Japanese Pension Fund to Add Crypto, Citing Dollar Risk
The Okayama-based fund, which covers 1,200 small and mid-sized enterprises, plans to allocate about 1.0% of its assets to a multi-coin passive fund managed by an unnamed hedge fund. It will cut yen exposure to 70% from 80%, hold dollar at 15% and open new 10% and 5.0% buckets for other developed-market currencies and alternatives, including crypto.
Reserve currency concern cited
The aim is currency diversification, executive investment officer Manatomo Kiguchi told Nikkei.
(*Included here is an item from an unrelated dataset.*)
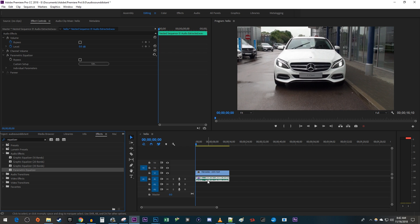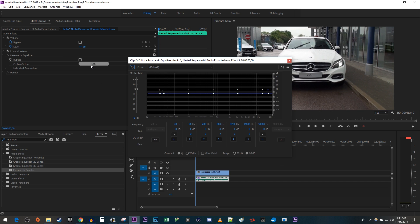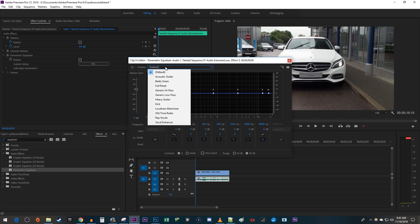Then make sure your audio is selected and go up to effect controls. Under parametric equalizer, click edit. In the popup, change the preset to generic low pass.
The dollar's "character as a reserve currency could weaken," he said, pointing to yuan-settled oil trade during this year's Iran conflict and the US fiscal deficit.
Fraction of pension trillions
The allocation is small against Japan's pension universe. Combined Japanese pension assets total roughly $2.6tn, anchored by the Government Pension Investment Fund (GPIF), Japan's public retirement scheme. GPIF lost its 20-year run as the world's largest pension fund to Norway's Government Pension Fund Global, a $1.77tn sovereign wealth vehicle, in September 2025, according to Willis Towers Watson's Thinking Ahead Institute. GPIF has not publicly flagged crypto for inclusion in its portfolio.
Public pension funds in the US states of Wisconsin and Michigan hold spot Bitcoin (BTC) ETFs, while US university endowments, including Harvard and Brown, have disclosed crypto exposure. A survey by Coinbase and EY-Parthenon, cited by Nikkei, found that 73% of global institutional investors plan to increase crypto allocations in 2026.